03/30/2017: Timing in Training

I was watching a youtube video a few days ago of a well-known trainer in which he answers questions that come in on an hour-long live stream. One question (and his answer) stuck with me and has been bothering me.

Question: If you correct a dog for digging in the yard, or for jumping on a person, will the dog learn to avoid the behavior, or avoid the location? Will they understand that I’m correcting the behavior, or will they just learn to avoid the area they were corrected in or the person they were corrected for jumping on?

Answer: I’ve never seen it happen. Dogs are smart.

This really bothers me because it ignores one of the most important parts of training any animal, not just dogs… TIMING! If you correct your dog at the wrong time, you can absolutely make the dog avoid a location or a person instead of the behavior!

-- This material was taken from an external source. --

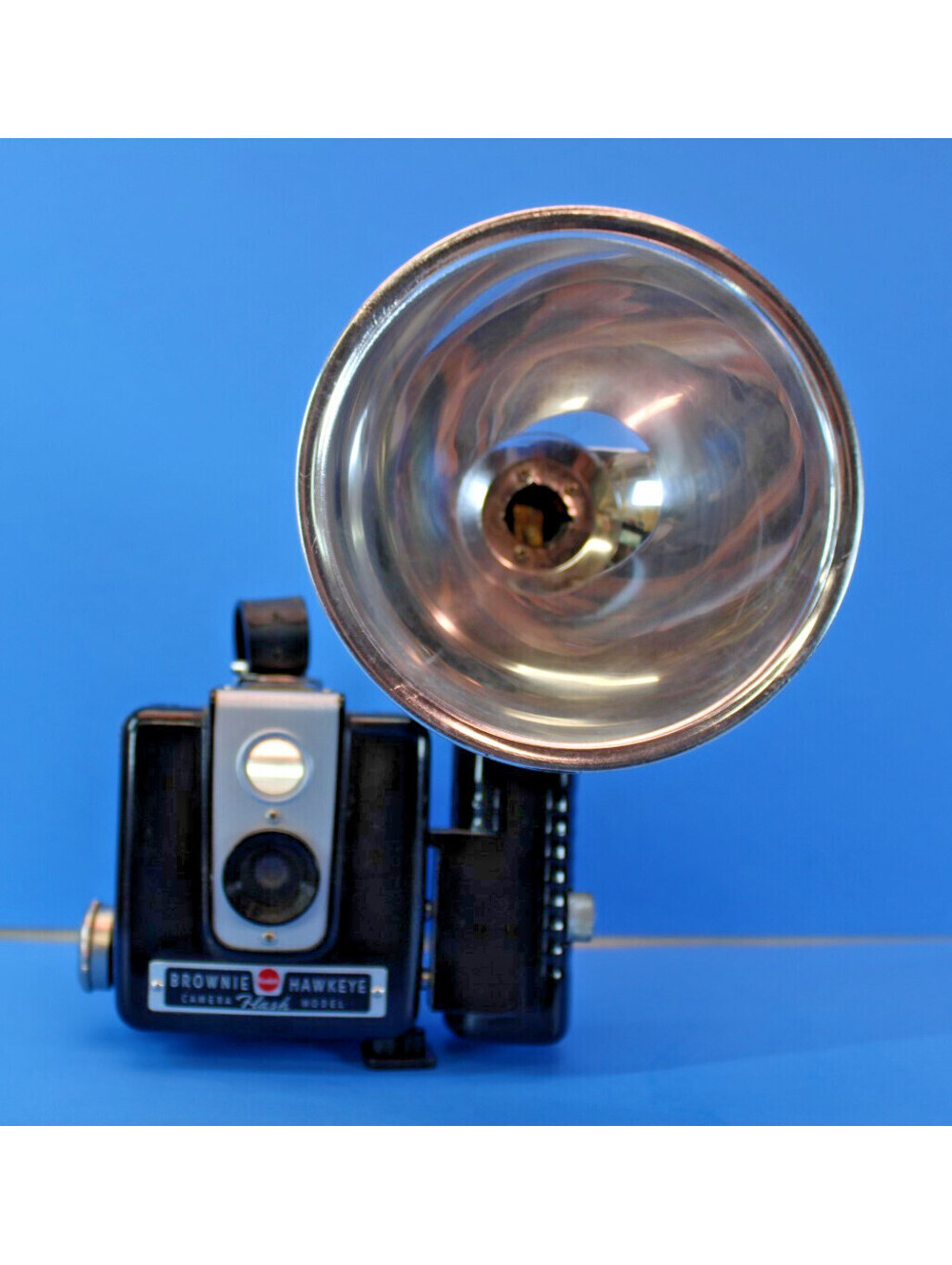 Vintage 1950's Kodak Brownie Hawkeye Camera with Original Flash & Cover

Timing is everything. EVERYTHING. In both rewards and corrections.

When you’re training a new behavior or command, the timing of your marker word (or click) is the most important thing to help the dog understand what you want. For example, when I taught Abe to touch something with his paw on command, I would click the instant his paw touched the object. If I waited a few seconds before clicking, he could have already had his paw off the object and moved onto something else. There’s no way to get a consistent, correct response to my cue if you aren’t consistent and correct when you mark the behavior you want.

When you’re correcting a behavior you don’t want, the same thing applies! If you wait a few seconds after the dog starts the behavior you don’t want for the correction, there’s no way the dog can possibly understand! For example, I’ve discussed before how Abe has to wait to be invited up onto my bed. He can’t just jump up on his own. After we spend the weekend at my boyfriend’s apartment (he’s more lax with this rule and lets him jump up on his own sometimes), Abe will sometimes hop up on my bed on his own. As soon as his little feetsies hit my bed uninvited, he gets a sharp “NO! Off!” If I were to wait until he laid down and got comfy before telling him no, there’d be no way he would understand which behavior I was correcting.

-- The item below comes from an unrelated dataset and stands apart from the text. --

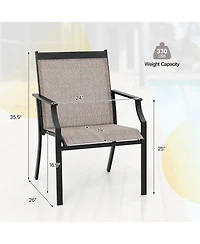 Gymax Patio Chairs Set of 4 Dining Chairs w/ Curved Backrest Long Armrest Breathable Fabric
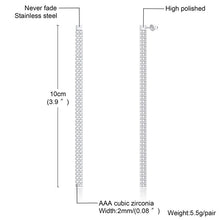 Load image into Gallery viewer, Vnox Shinny Women Long Tassle Dangle Earrings,Full Bling AAA CZ Stones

In the example of jumping on a person, if you were to wait until the dog had jumped up and the person had started interacting with the dog for a few seconds, you can absolutely make that dog avoid that person instead of the behavior of jumping! Because you’re correcting the interaction with that person! Long story short, I realize that in the fast-paced question-and-answer live stream setting it’s easy to give incomplete answers, but that answer really bothered me. I hope this offers some clarification.